● **INSTRUCTIONS TO FOLLOW**
Please repeat exactly the lines from the one containing "Anokhinaliza Color Block" through the last line of the records below, both included, and leave out any pictures.

● **PROVIDED DATA**
Content starts

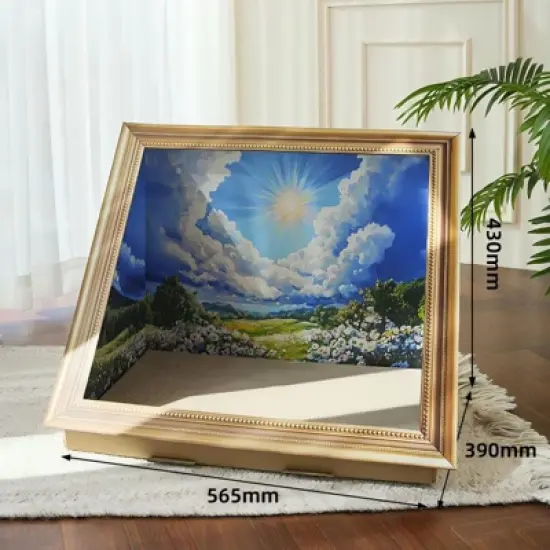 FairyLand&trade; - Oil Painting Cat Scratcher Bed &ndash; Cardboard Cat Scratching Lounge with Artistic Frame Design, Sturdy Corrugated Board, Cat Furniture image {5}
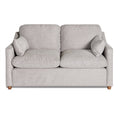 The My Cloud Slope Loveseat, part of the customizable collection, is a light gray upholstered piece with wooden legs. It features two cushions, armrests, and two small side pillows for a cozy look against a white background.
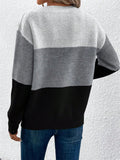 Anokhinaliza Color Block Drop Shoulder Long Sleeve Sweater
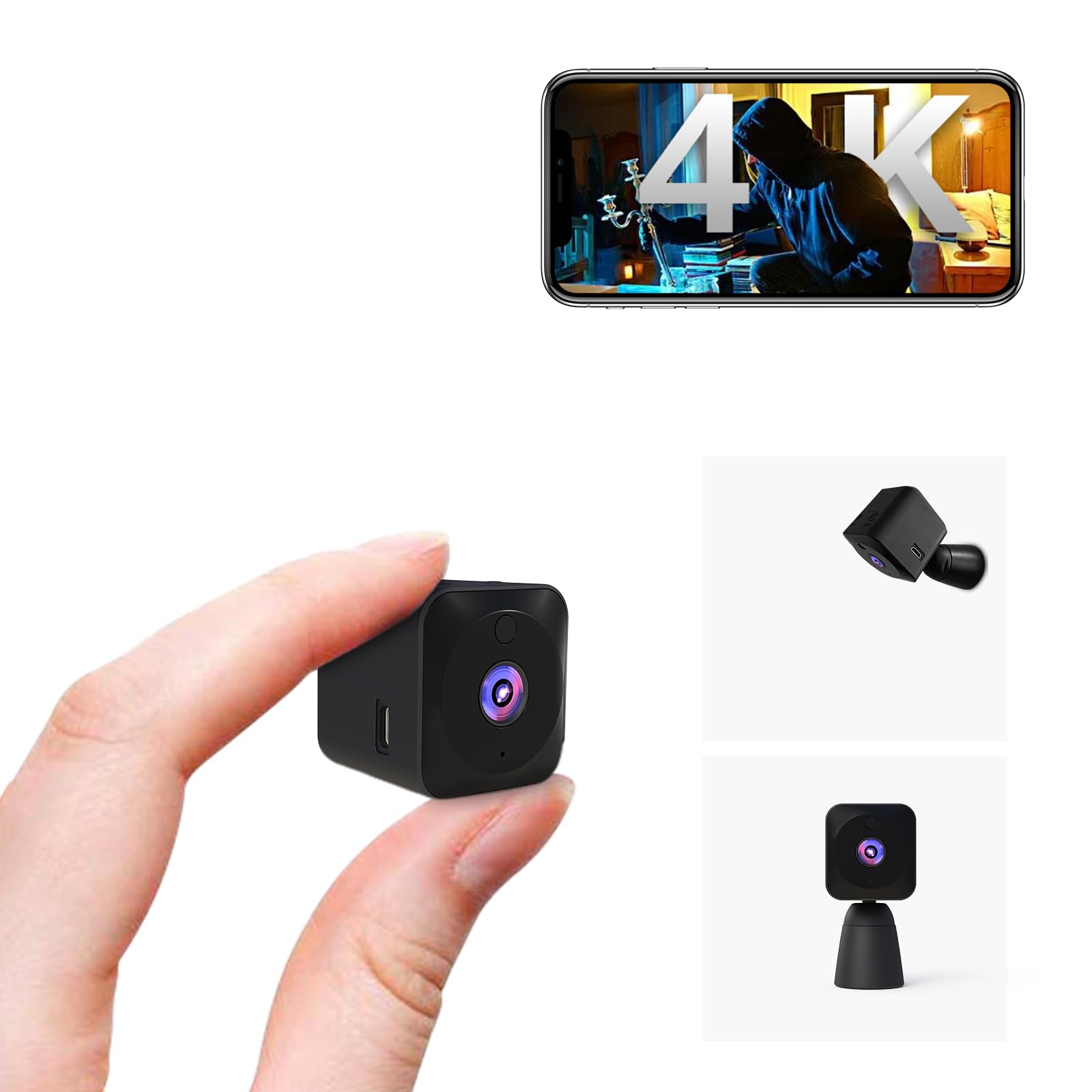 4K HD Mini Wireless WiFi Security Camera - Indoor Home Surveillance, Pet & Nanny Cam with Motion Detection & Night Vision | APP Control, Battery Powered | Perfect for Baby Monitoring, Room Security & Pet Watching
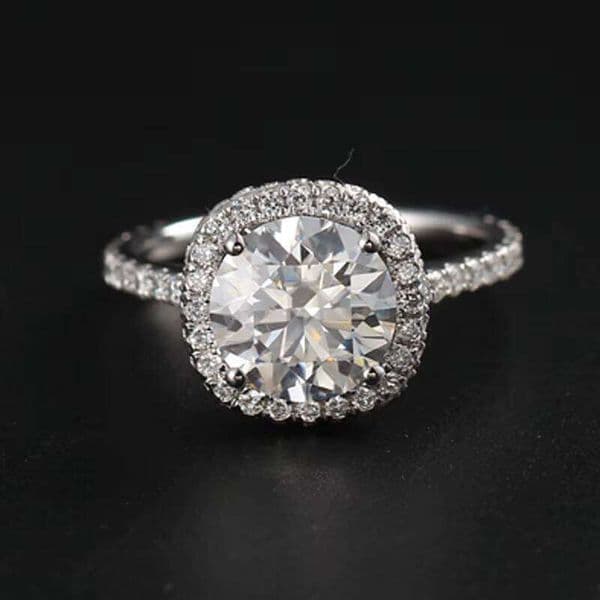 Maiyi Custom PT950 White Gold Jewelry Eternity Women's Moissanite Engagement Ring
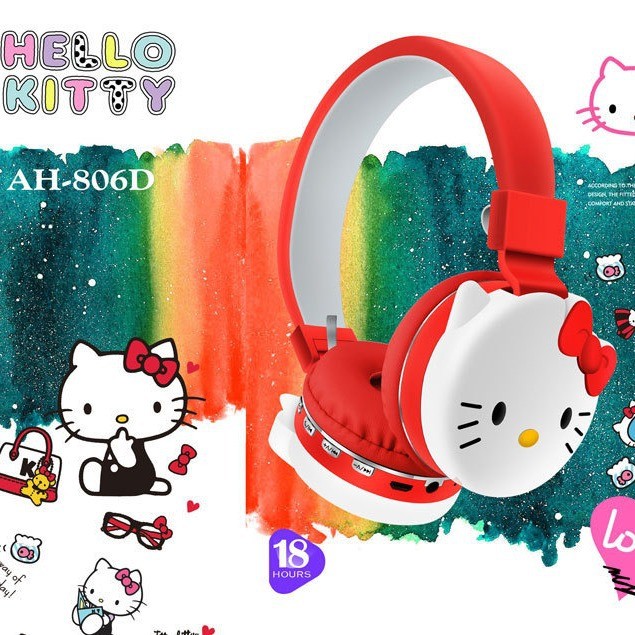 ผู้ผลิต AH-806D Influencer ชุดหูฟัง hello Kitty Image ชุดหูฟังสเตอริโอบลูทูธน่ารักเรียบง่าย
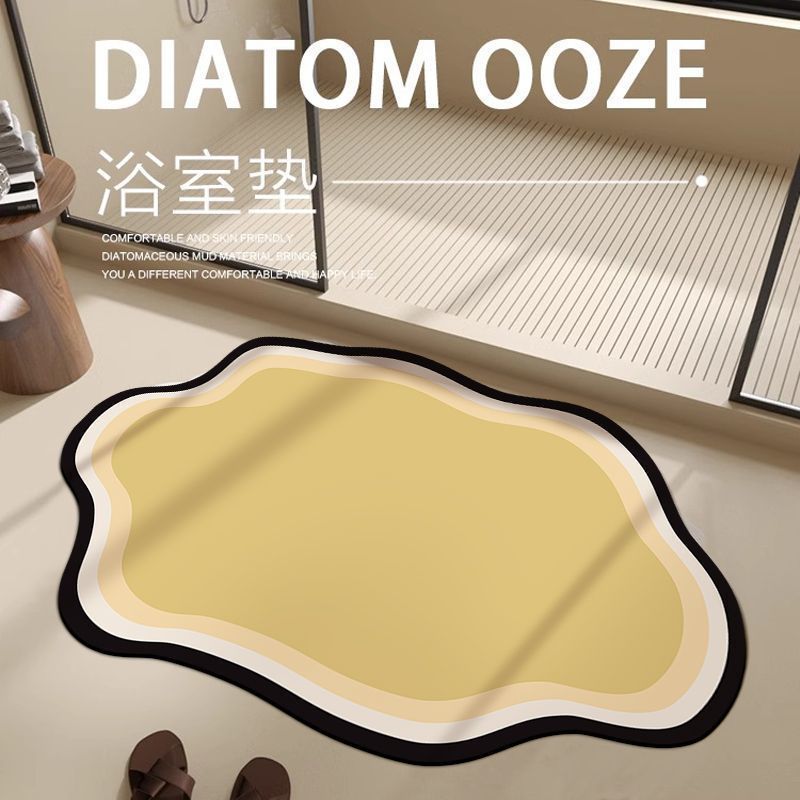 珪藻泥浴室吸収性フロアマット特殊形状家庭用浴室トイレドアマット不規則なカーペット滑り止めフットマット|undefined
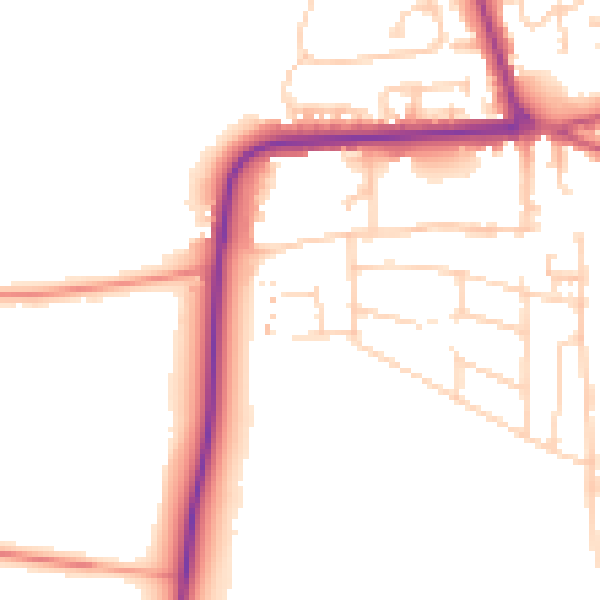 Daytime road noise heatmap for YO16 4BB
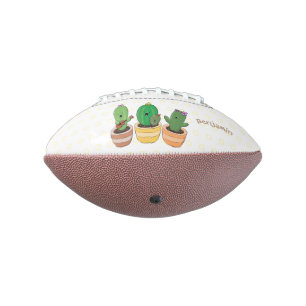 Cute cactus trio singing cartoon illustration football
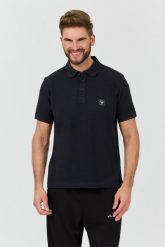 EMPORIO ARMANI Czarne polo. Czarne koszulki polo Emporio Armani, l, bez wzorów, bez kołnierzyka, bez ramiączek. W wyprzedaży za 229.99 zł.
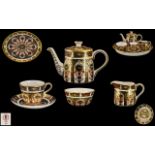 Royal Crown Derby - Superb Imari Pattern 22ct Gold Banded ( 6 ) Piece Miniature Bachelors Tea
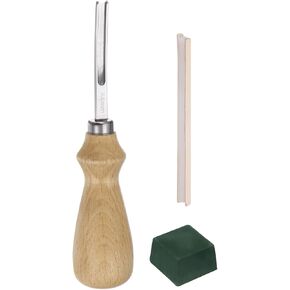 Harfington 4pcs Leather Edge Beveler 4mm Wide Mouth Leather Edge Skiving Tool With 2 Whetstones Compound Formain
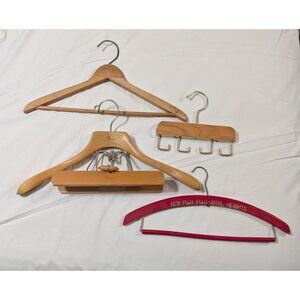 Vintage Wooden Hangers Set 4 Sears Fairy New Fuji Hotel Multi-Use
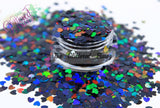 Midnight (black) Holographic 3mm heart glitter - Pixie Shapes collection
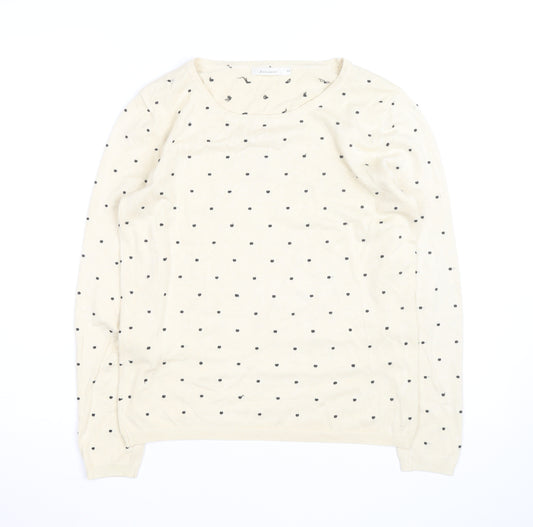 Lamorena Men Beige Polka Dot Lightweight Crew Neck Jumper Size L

Content ends

● **EXERCISE RESULT**
 Anokhinaliza Color Block Drop Shoulder Long Sleeve Sweater
 4K HD Mini Wireless WiFi Security Camera - Indoor Home Surveillance, Pet & Nanny Cam with Motion Detection & Night Vision | APP Control, Battery Powered | Perfect for Baby Monitoring, Room Security & Pet Watching
 Maiyi Custom PT950 White Gold Jewelry Eternity Women's Moissanite Engagement Ring
 ผู้ผลิต AH-806D Influencer ชุดหูฟัง hello Kitty Image ชุดหูฟังสเตอริโอบลูทูธน่ารักเรียบง่าย
 珪藻泥浴室吸収性フロアマット特殊形状家庭用浴室トイレドアマット不規則なカーペット滑り止めフットマット|undefined
 Daytime road noise heatmap for YO16 4BB
 Cute cactus trio singing cartoon illustration football
 EMPORIO ARMANI Czarne polo. Czarne koszulki polo Emporio Armani, l, bez wzorów, bez kołnierzyka, bez ramiączek. W wyprzedaży za 229.99 zł.
 Royal Crown Derby - Superb Imari Pattern 22ct Gold Banded ( 6 ) Piece Miniature Bachelors Tea
 Harfington 4pcs Leather Edge Beveler 4mm Wide Mouth Leather Edge Skiving Tool With 2 Whetstones Compound Formain
 Vintage Wooden Hangers Set 4 Sears Fairy New Fuji Hotel Multi-Use
 Midnight (black) Holographic 3mm heart glitter - Pixie Shapes collection
 Lamorena Men Beige Polka Dot Lightweight Crew Neck Jumper Size L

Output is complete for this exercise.